Relationship Red Flags

By Tanya Joanna @Courageouslivin · On February 13, 2013

In the first date or two, people often subconsciously reveal the truth about their capacity for a relationship. How good are your listening skills? Are you able to detect the red flags that turn to roadblocks in your love life? For both men and women, the first few dates are usually experienced through a rosy haze of wonderment. It’s easy to dismiss a red flag as a self-deprecating moment of vulnerability. If however, you are able to hear them for what they are, genuine warnings that you are in conversation with someone who is not relationship ready,  you will save yourself a great deal of frustration, self-esteem, guessing and “trying” to make something work that was never meant to be.

red flag

Red flags in Early Conversations:        

  • I’m an emotional mess.
  • Yeah, most of my relationships don’t work out.
  • Men are…… Women are…… followed by a negative or derogatory statement.
  • I’m not really looking for anything serious right now.
  • My career is really taking off and I’m going wherever it leads me.
  • I can’t stop thinking about my ex.
  • I don’t really like making plans, I prefer being spontaneous.
  • There is so much drama in my life.
  • Things are kind of complicated right now.
  • My family is driving me crazy.
  • Marriage is a trap.
  • I feel that commitment limits my options. Or I like to keep my options open.
  • Signs that the person has unresolved issues with either parent or their male / female identity.

And so on….

We aren’t saying that life has to be perfect for someone to be open to a relationship. In fact many of the people who utter those very statements are often in relationships – but they are not emotionally available or capable of the intimacy required for a relationship to THRIVE.

Relationships Are Actually Logical

Relationships are emotional; therefore a person who is emotionally stable is able to create a stable relationship. A person who is emotionally troubled will create a troubled relationship.

 So who are you looking for?

–        A person who does not harbour negative beliefs or fear based beliefs about men, women or commitment. (That’s big and revealed in all of their conversations.)

–        A person who has learned positive lessons from the past. They are willing to see past relationships as lessons where they have learned something valuable about themselves and matured emotionally. (Not that “women are all crazy” or “men are all selfish”).

–        A person who has resolved their issues with their parents (or is at least at peace with them) and has a healthy sense of their male and female identity.
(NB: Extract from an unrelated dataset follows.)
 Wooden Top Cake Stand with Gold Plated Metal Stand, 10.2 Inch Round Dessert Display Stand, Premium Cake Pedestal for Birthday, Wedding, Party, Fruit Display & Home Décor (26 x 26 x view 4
–        A person who sees commitment as positive or has a healthy track record of commitment in other areas of their life (work, health etc.)

–        Most importantly, a person who is open to personal growth and communication. This will serve you well once the “honeymoon period” has worn off and the time comes to grow and change together.

What Happens if I Have Chemistry with a Person Who Has Emotion Red Flags?

This is an important question and we hope you don’t mind our candid reply. Attraction is a subconscious state that serves to satisfy our most powerful fears and desires.

We would ask you: Why you are attracting a person who is troubled?

Are you:

a)     An emotional “rescuer” seeking wounded people in order to help them and therefore feel a sense of control or esteem in the relationship?

b)     Fearful of getting hurt or “commitment phobic” and seek emotional distance and safety by dating people who are not emotionally available?

c)     Experiencing a lack of self-worth in the area of love or believe you are “not lovable” and therefore are attracted to people who are not emotionally available or capable of fully loving you?

d)     Simply new to relationships or are genuinely unaware that these Red Flags are the danger signs. Now that you know, you will promptly and confidently move on when you hear them.

There are other reasons, but these are without a doubt the main ones. Regardless of the list that goes on, if you are consistently in relationships where you are struggling for love , we lovingly encourage you to do some inner work and heal what’s UnderMind. Life is a mirror and your results reveal what works as well as what doesn’t. You owe it to yourself to be courageous enough to look within and discover what’s keeping you from experiencing the love you richly deserve.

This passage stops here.